Con il ritorno dell’atomo non diversificheremo neanche le fonti energetiche. È vero che la produzione elettrica in Italia è fortemente sbilanciata su una fonte energetica (dipende per il 55% dal gas), ma il contributo del nucleare alla riduzione dei consumi di metano sarebbe davvero insignificante. Secondo il Centro elettronico sperimentale italiano (Cesi), una fonte tutt’altro che di parte, con la costruzione di 4 reattori EPR da 1.600 MW risparmieremmo a partire dal 2026 solo 9 miliardi di m3 di gas all’anno, pari al 10% dei consumiattuali e alla produzione media di un rigassificatore.

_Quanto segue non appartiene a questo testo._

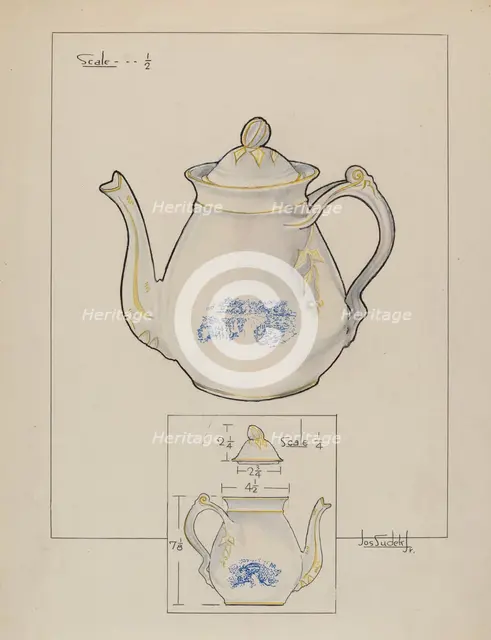 Teapot, c. 1938. Creator: Joseph Sudek.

Il nucleare non serve al nostro Paese per affrontare seriamente i suoi problemi energetici (ritardo
nella lotta ai cambiamenti climatici, diversificazione delle fonti energetiche, riduzione delle importazioni e della bolletta energetica).
Il nucleare sarebbe solo un grande affare per poche aziende, a partire da quelle energetiche - che tra le altre cose stanno chiedendo con insistenza al governo di forzare il mercato, fissando un prezzo minimo per la vendita dell’energia dall’atomo, con buona pace del libero mercato della tanto decantata riduzione della bolletta energetica - a discapito della produzione distribuita e dell’economia diffusa dell’efficienza e delle rinnovabili.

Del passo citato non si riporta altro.